[Exercise brief]
Using the material below, return exactly the lines between the one holding "Банный комплекс Малинки в Барнауле" and the one holding "Buffet Art Déco 2 parties – Image 5", inclusive, and no others.

- Opening Delimiter -

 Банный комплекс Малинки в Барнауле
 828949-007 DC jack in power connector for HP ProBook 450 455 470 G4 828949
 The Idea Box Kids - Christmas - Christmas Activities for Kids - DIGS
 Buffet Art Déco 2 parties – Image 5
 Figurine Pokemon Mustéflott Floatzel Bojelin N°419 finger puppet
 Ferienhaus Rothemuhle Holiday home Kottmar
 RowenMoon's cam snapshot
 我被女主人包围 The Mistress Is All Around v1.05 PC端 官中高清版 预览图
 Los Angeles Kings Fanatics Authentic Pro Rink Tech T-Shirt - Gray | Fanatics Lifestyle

- Closing Delimiter -
- Opening Delimiter -

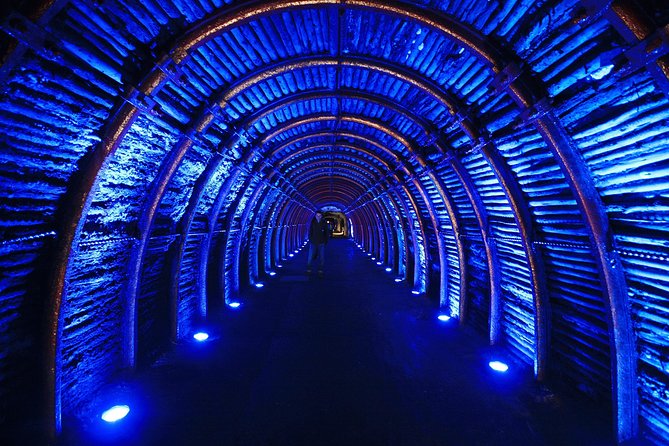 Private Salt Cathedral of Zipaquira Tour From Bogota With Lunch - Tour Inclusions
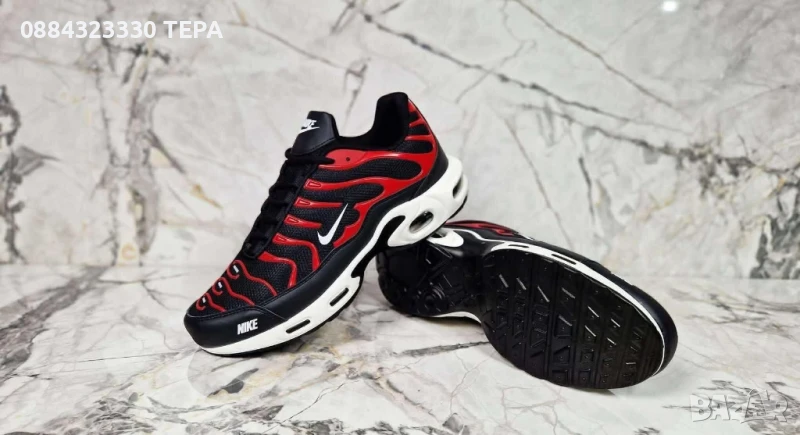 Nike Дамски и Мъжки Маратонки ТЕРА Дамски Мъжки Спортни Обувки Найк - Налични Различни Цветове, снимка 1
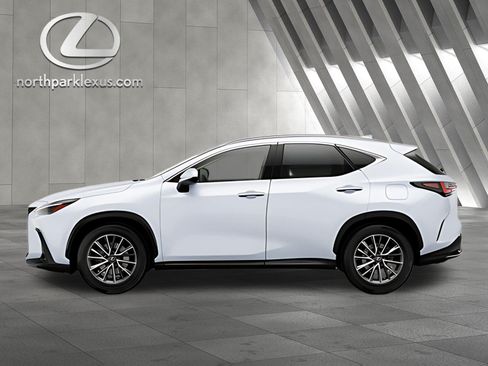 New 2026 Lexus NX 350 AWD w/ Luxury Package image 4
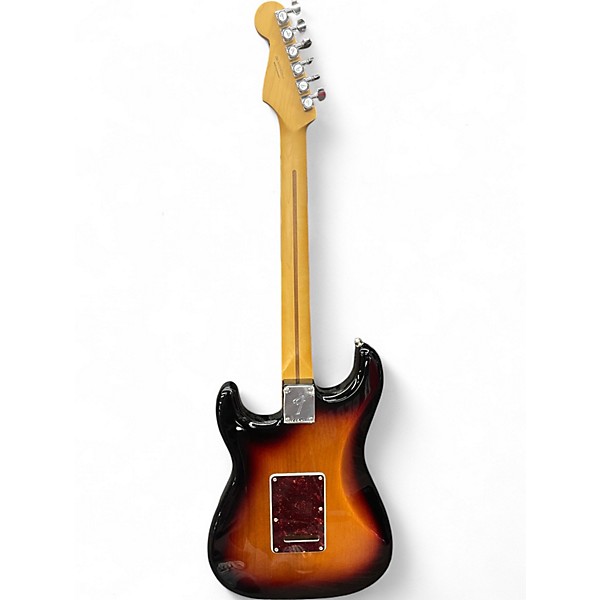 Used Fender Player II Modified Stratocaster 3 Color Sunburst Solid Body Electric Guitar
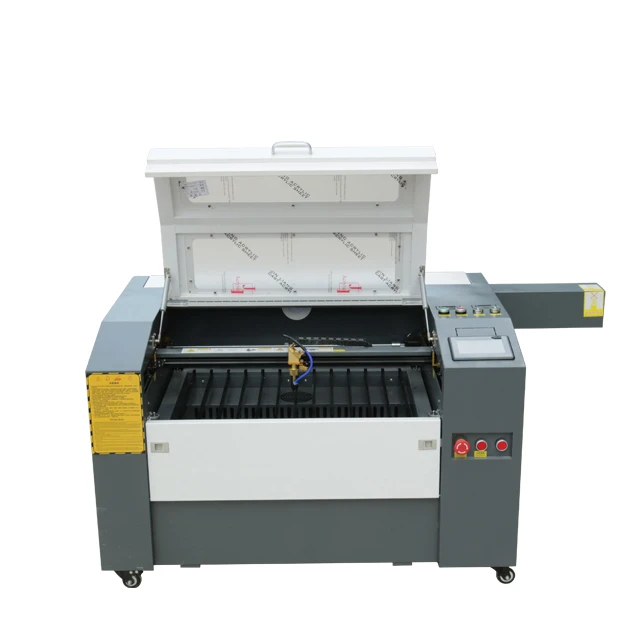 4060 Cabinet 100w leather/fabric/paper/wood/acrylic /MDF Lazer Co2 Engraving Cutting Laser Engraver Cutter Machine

- Closing Delimiter -

[Result for this exercise]
 Банный комплекс Малинки в Барнауле
 828949-007 DC jack in power connector for HP ProBook 450 455 470 G4 828949
 The Idea Box Kids - Christmas - Christmas Activities for Kids - DIGS
 Buffet Art Déco 2 parties – Image 5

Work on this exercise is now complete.